Reproductive health care is a critical link in our medical system. For many people, reproductive health care is the only doctor’s visit that they will make in a year, or even several years. It is the health care and education that shapes our lives and families.
If you have pain when menstruating, is it normal or a symptom of endometriosis? What does testicular cancer look like? How many children do you want to have, and when? Most of us need reproductive health care at some point in our lives, whether it’s using birth control, screening for cancer, or maternity care.
Why then, are some politicians politicizing it for their own gain? Access to reproductive health care already depends on one’s employment status, income, child care, transportation, and other factors such as immigration status, gender, or sexual orientation – putting people at risk.

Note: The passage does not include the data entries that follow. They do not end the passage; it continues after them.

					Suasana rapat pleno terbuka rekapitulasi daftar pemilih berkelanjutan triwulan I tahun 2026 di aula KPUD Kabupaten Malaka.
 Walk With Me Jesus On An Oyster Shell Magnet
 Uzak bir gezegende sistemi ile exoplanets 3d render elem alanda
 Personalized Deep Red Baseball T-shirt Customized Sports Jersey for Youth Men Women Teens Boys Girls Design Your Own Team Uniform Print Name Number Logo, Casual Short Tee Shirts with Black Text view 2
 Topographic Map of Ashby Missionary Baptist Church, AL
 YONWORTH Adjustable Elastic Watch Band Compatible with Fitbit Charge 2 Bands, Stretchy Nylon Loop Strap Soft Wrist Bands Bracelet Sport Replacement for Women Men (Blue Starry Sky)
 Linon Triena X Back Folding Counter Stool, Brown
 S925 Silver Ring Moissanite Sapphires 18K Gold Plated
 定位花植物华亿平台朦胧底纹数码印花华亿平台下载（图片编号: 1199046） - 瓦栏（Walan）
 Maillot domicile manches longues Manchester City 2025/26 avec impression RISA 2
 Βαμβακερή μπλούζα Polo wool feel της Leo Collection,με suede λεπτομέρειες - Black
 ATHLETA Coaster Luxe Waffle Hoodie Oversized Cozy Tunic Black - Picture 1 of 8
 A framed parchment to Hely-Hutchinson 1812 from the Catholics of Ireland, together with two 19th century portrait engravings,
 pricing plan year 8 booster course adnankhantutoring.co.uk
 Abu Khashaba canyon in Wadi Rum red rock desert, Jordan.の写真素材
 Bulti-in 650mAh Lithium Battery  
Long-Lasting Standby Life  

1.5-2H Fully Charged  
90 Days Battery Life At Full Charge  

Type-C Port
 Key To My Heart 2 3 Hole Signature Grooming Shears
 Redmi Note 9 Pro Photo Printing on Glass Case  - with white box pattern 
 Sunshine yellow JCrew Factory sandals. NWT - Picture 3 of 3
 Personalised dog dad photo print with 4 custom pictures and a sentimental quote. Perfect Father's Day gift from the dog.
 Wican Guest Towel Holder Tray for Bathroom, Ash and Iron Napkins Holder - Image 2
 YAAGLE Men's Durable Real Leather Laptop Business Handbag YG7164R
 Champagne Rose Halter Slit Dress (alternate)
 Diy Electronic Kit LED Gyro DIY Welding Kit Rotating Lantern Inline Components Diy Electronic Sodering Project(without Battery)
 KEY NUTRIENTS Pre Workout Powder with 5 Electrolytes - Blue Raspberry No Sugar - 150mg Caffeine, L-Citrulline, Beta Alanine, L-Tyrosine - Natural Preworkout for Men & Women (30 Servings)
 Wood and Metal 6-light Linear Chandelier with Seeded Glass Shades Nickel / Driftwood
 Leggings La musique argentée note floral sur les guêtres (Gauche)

To politicize it creates an even more unequal and dangerous environment. For populations with lower incomes, reproductive health data is an important indicator of the availability of quality health care in their communities. This is especially true for rural and working-class communities that struggle with primary care access, not to mention reproductive health care.
Poor, working-class, rural, and Black women are put most at risk when reproductive healthcare is politicized. One key measurement of this is North Carolina’s rate of maternal mortality, which has doubled between 2019 and 2022, when federal funding for reproductive health care was dramatically cut.
Most pregnancy-related deaths are preventable, but if patients aren’t able to make regular visits, their health concerns can’t be addressed. The 2019 maternal death rate was 22 per 100,000 births. Within two years, it spiked to 44 per 100,000. Maternal mortality rates for Black women demonstrate massive disparities in outcomes compared to white women.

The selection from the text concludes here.